Я успел задать этот вопрос, прочитать его, а отвечать на него подробно, видимо, буду уже после трёхминутной паузы.

РЕКЛАМА

Д. Быков― Продолжаем разговор. Дмитрий Быков. Тут у меня прискакало мне письмо: «Что-то вы сегодня больно мирный».

Ну хорошо, ребята, я могу вам устроить не мир. Ну, почему мирный — это легко понять. Я сижу в отеле «Гельвеция» в Петербурге. Это, наверное, самое уютное место, из которого я когда-либо вещал. Белая ночь у меня за окном золотится. Ну что тут хотеть? Конечно, я мирный. Подождите, приеду в Москву — и флюиды ненависти пронизают мою кровь.

Так вот, Наташа, отвечаю на ваш вопрос про сны. Они играют в литературном произведении роль двоякую, ну как и в нашей жизни, собственно. Иногда сон — это дуновение какого-то ветерка из потусторонности. Такую роль играют кошмары во снах, именно в циклах снов, у Тургенева, «Senilia», вот эти «Стихотворения в прозе», где несколько снов приведено. Один из них — «Порог», другой — «Насекомое», «Могила». У него много хороших снов, таких страшненьких. «Насекомое», конечно, самое страшное из них.

У Достоевского сны до известной степени выполняют ту же миссию, как бы иллюстрируя слова Тютчева: «И бездна нам обнажена своими страхами и снами»; или там уж совсем шекспировское: «И сном окружена вся наша маленькая жизнь». То есть ощущение бездны, подсвечивающей и окружающей какими-то багровыми сполохами обычную жизнь.

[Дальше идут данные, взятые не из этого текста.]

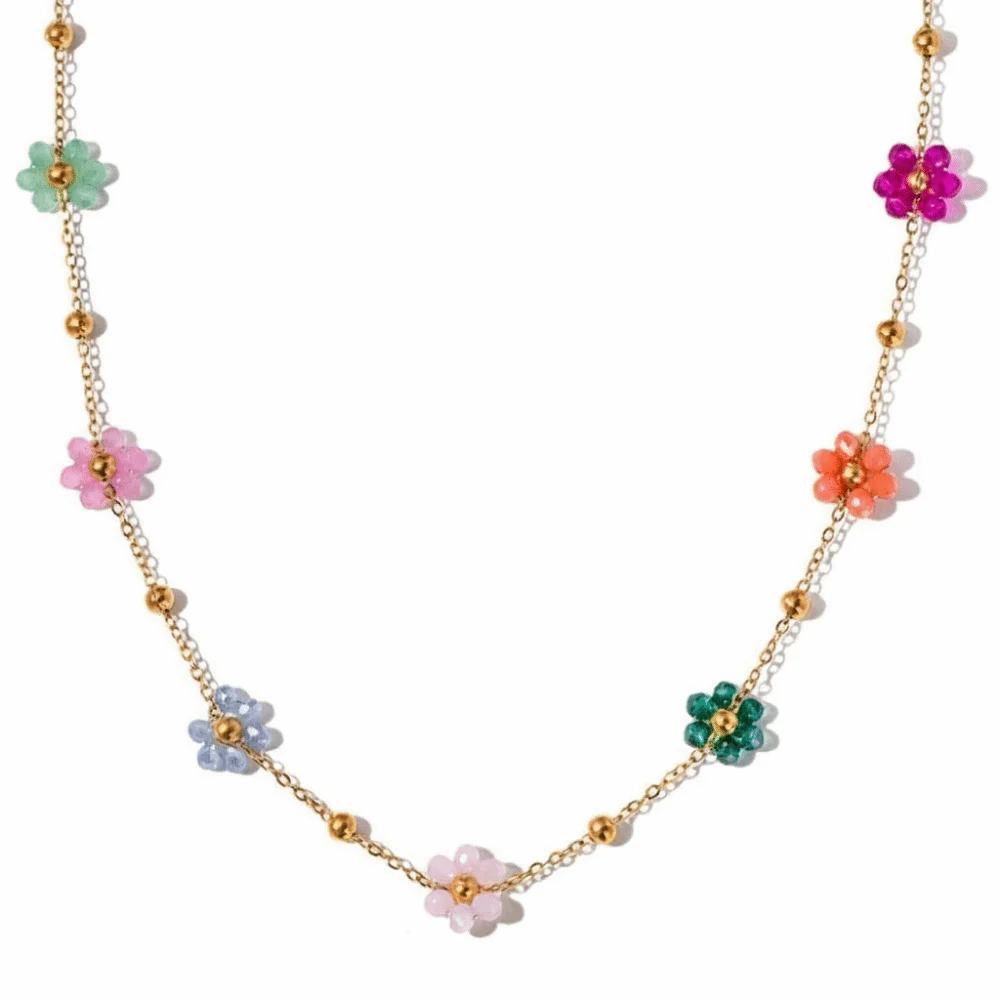 Colorful Beaded Heart Necklace Trendy Exquisite Flower Chain Bracelet Stackable Versatile Plating Waterproof Jewelry Summer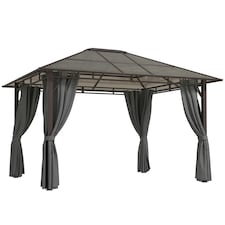 Outsunny 3.6x3(m) Hardtop Gazebo Garden Pavilion w/ Polycarbonate Roof, Grey | Grey | Dark Grey | 1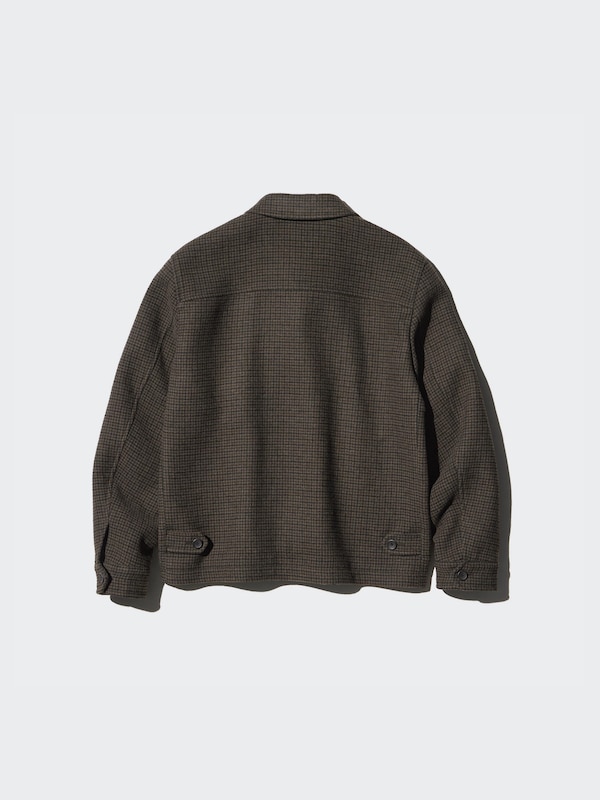 Single Collar Short Jacket | Checked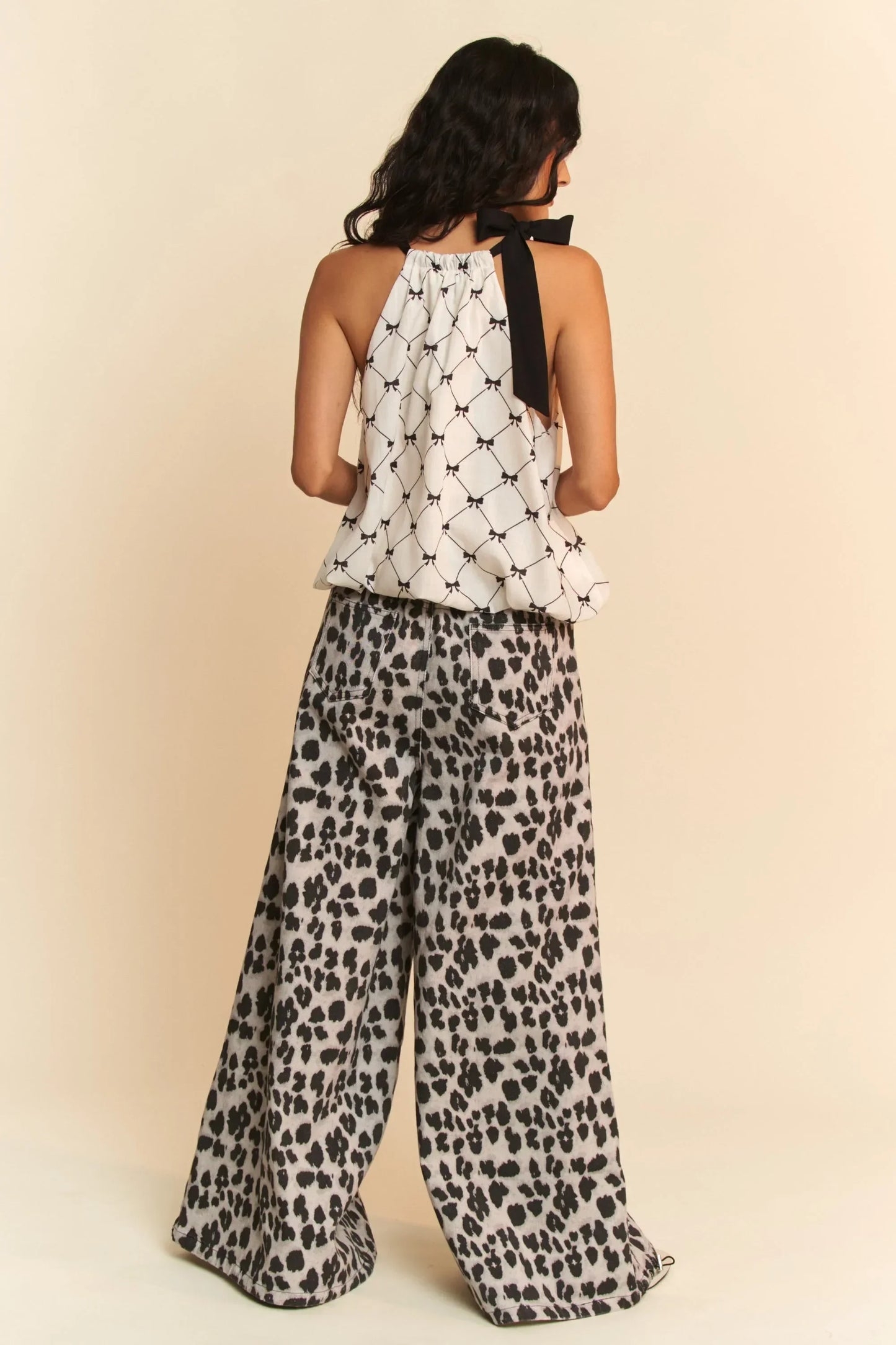 Checker Printed Tie Halter Neck Blouse Top - Eva's Edition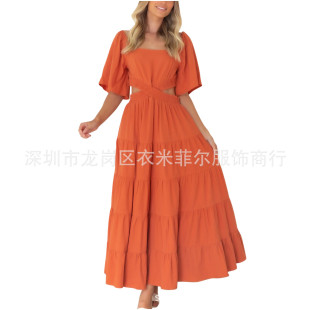 2022 Summer Ladies Dress Summer Sun Dress Square Collar Bubble Sleeve Long Dress Dress Casual Beach Dress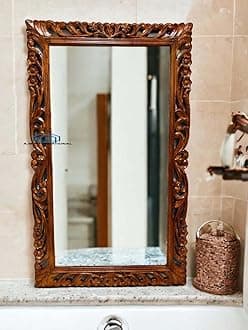 Wooden Hand Carved Decorative Wall Mirror Frame in Solid Mango Wood for Bedroom, Living Room, Home Decor, Without Mirror (Size 5 * 2.5 FT) (White) (Natural Wood)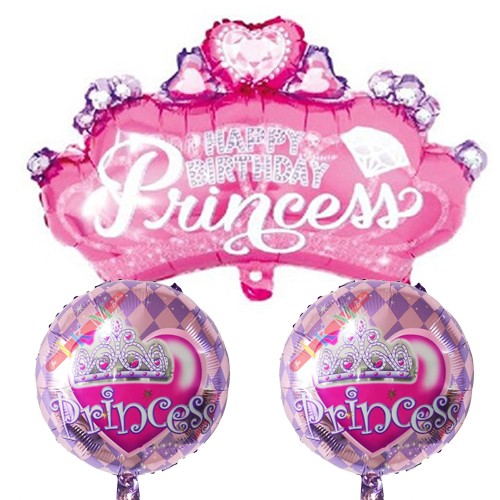 Prenses Folyo Balon 3'lü Set, fiyatı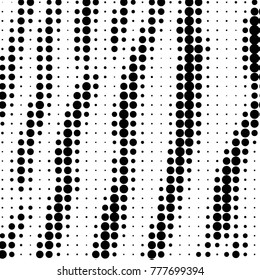Abstract grunge grid polka dot halftone background pattern. Spotted black and white vector line illustration
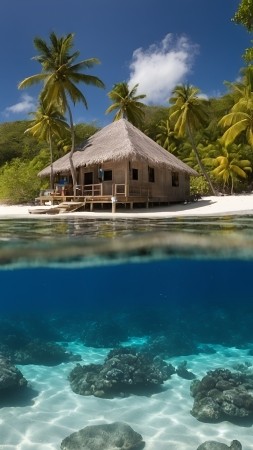 sea wallpaper, coastal home, sandy shore, background for mobile wallpaper (vertical)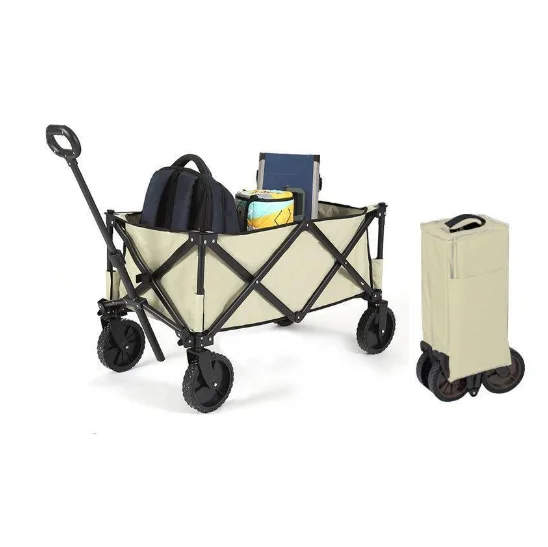 Selling  Camping Outdoor Collapsible Beach Wagon Cart Trolley Utility Folding Camping Wagon Trolleys Hand Carts wagon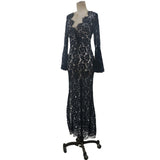 Women Lace Wedding Dress Summer Dress Sexy V-neck Backless Batwing Sleeve Dress for Women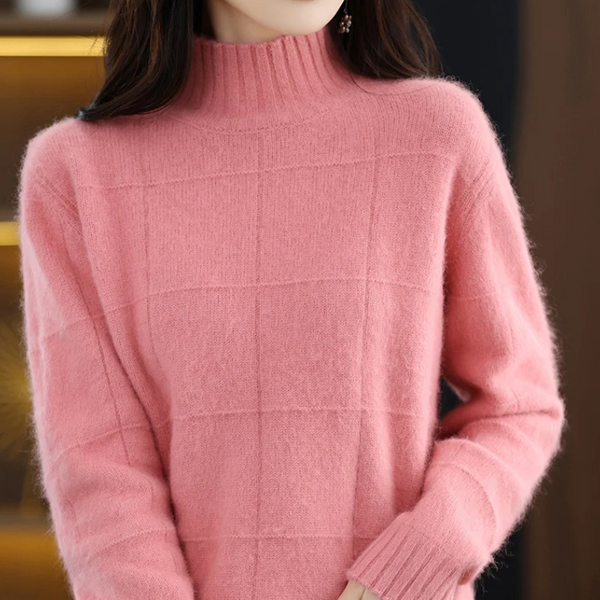 Jersey de cuello alto de punto trenzado holgado para mujer | Ideal para otoño/invierno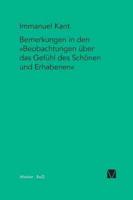 Bemerkungen in den "Beobachtungen über das Gefühl des Schönen und Erhabenen" (1764)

В этом смысле, наверное, самый страшный сон в русской литературе, который я знаю, — это всё-таки сон в «Кларе Милич» (про «Клару Милич» тут отдельный вопрос, сейчас про неё поговорим) у Тургенева. Вот сон про обезьянку в «Кларе Милич» — это ад. Да, такой сон, действительно, приснится — поседеешь.

Вторая группа снов. Тоже у Достоевского они встречаются. Например, если сон первого порядка, сон из бездны — это кошмар Ипполита про насекомое в «Идиоте», то есть ещё сон, проясняющий действия, более рациональный; сон, который как бы вытаскивает на поверхность смысл происходящего. Это сон о лошади в «Преступлении и наказании» — украденный, конечно, из некрасовского годом ранее написанного стихотворения «О погоде».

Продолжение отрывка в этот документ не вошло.